Akademische Ausbildung in Krefeld

Der Wirkungskreis von Martin Lersch, Jahrgang 1954, lässt sich an den Niederrhein verorten. Auch während einer mehrjährigen Schaffens- und Lebensphase in Frankreich kehrte er immer wieder in die Region und nach Krefeld zurück. Dort studierte er zunächst von 1971 bis 1973 noch an der Werkkunstschule, die kurze Zeit später ein Teil der Fachhochschule Niederrhein wurde. Als Student engagierte er sich im Asta und im Studentenparlament. Er schrieb für hiesigen Zeitungen über lokale Ereignisse und Sport, wechselte nach einigen Semestern an die Folkwangschule in Essen. Nach seiner akademischen Ausbildung folgte ein reichhaltiges Leben als Maler, Zeichner und Musiker.

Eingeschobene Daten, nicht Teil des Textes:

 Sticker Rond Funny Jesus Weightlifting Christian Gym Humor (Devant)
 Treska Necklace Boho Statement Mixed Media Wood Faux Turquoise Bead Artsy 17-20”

Langjährige Verbindung zum Stadtarchiv

„Über einige Künstler wüssten wir gar nichts, wenn man nicht Unterlagen erhalten hätte”, so Olaf Richter, Leiter des Stadtarchivs Krefeld. Von hiesigen Künstlern seien zum Teil nur Namen und wenige Lebensdaten bekannt. „Quellenmangel” nennt das der Archivleiter. Dabei spiegeln auch Künstlervor- und -nachlässe die jeweilige Gegenwart einer Stadtgesellschaft. Hier bemühte sich Richter in den vergangenen Jahren, solche Lücken zu schließen, in dem er unter anderem Dokumenten, Plakate und Fotos vom Krefelder Künstler Caco (Karl-Heinz Ramacher) in den Bestand aufnahm, aber auch von Künstler Will Cassel und dem Grafikerdesigner und Fotograf Theo Windges. Mit ihm zeigte Martin Lersch 2016 gemeinsam die Ausstellung „Beuys sehen – Beuys verstehen?” im Stadtarchiv. Neben anderen Orten wie dem Kunstverein am Westwall in Krefeld wurde Lersch in den vergangenen Jahren immer wieder von Richter eingeladen, seine Arbeiten im Archiv an der Girmesgath zu zeigen, zuletzt unter dem Titel „Krinfelde 1373″ anlässlich des 650. Stadtjubiläums. Diese langjährige Bindung gerade an das Haus war letztlich auschlaggebend, seinen Vorlass dort archivieren zu lassen.

Bestand umfasst aktuelle 46 Mappen

Dem Stadtarchiv Krefeld hat er nun Dokumente, Plakate, Publikationen, Fotos, Skizzen und Reden zu Ausstellungen aus dem Zeitraum 1974 bis 2021 übergeben, aktuell ergänzt um das Material aus den Jahren 2022 und 2023. Zudem gibt es ein Video-Interview mit Lersch. Das schon vorhandene Konvolut wurde von Michaela Plattenteich, Mitarbeiterin im Stadtarchiv, gesichtet und kategorisiert. Es füllt 46 Mappen. Mehrere der erfassten Skizzenblätter besitzen für spätere Historiker einen besonderen Aspekt: Lersch verwendete für Zeichnungen die blanken Rückseiten von Briefen, Rechnungen und weiteren Papieren, die irgendwann in einem gänzlich anderen Zusammenhang als eine zusätzliche spannende, zeitgenössische Quelle dienen können.